#### Listed entries
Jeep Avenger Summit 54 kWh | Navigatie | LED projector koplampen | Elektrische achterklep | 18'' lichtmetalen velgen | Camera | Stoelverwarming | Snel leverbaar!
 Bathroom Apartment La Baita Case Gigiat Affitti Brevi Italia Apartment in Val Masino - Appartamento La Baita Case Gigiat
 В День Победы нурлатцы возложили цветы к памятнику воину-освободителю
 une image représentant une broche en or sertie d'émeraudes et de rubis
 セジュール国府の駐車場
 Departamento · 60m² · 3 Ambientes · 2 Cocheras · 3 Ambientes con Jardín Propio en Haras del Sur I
########
#### Listed entries
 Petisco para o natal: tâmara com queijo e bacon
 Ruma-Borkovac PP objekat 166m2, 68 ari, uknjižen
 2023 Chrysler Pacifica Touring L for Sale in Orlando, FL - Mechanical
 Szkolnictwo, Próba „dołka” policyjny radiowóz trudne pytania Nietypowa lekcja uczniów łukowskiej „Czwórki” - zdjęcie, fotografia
########
#### Listed entries
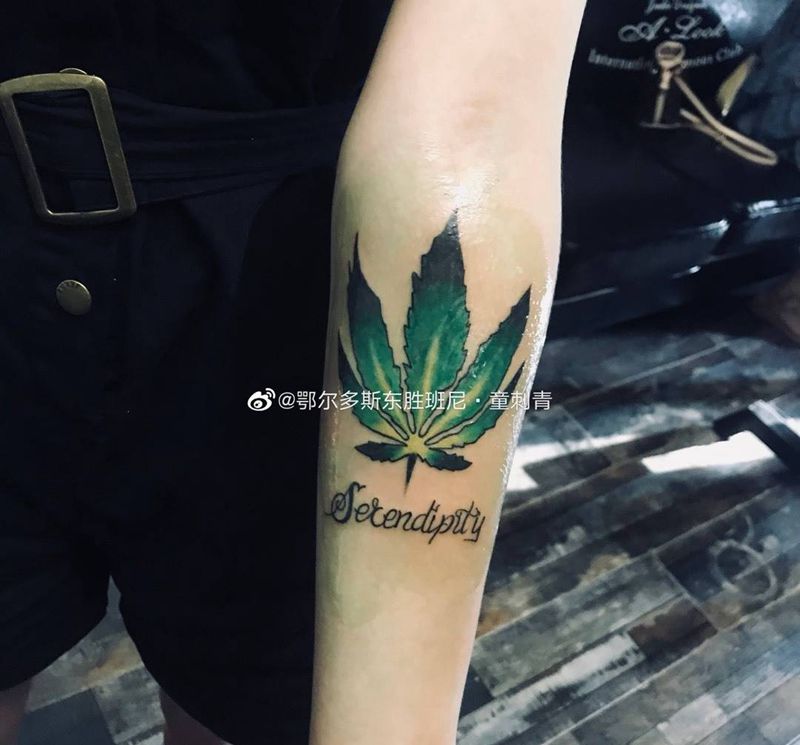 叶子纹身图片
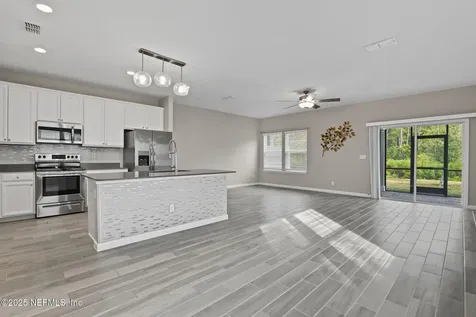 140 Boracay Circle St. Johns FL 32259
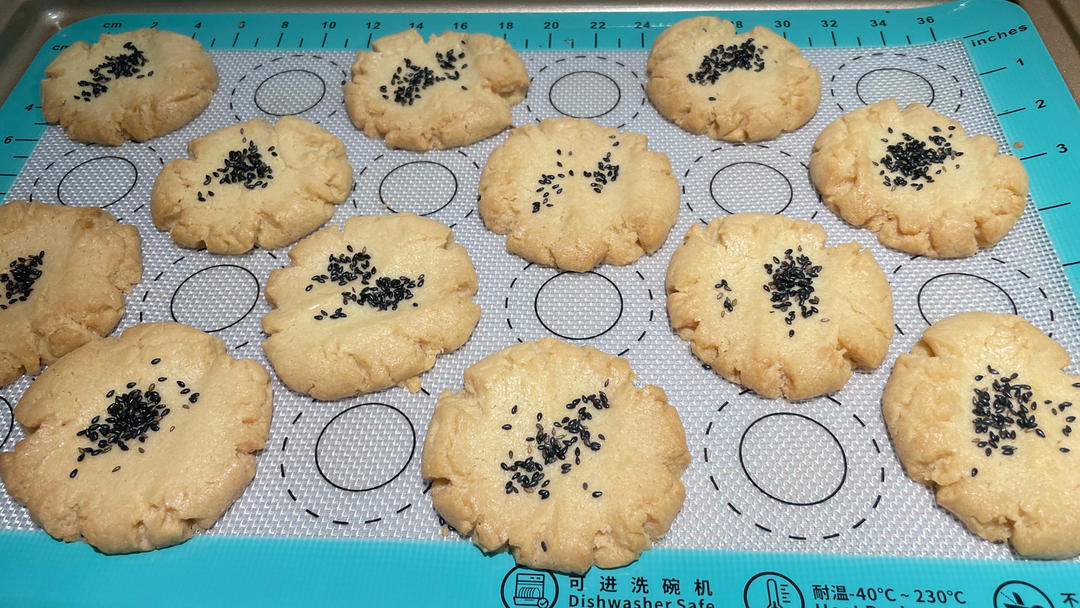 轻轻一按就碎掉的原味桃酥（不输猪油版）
########
» **What is being asked**
From the listing above, output exactly the run of lines that starts with the line containing "Jeep Avenger Summit" and ends with the line containing "Bathroom Apartment La".

» **Completed task**
Jeep Avenger Summit 54 kWh | Navigatie | LED projector koplampen | Elektrische achterklep | 18'' lichtmetalen velgen | Camera | Stoelverwarming | Snel leverbaar!
 Bathroom Apartment La Baita Case Gigiat Affitti Brevi Italia Apartment in Val Masino - Appartamento La Baita Case Gigiat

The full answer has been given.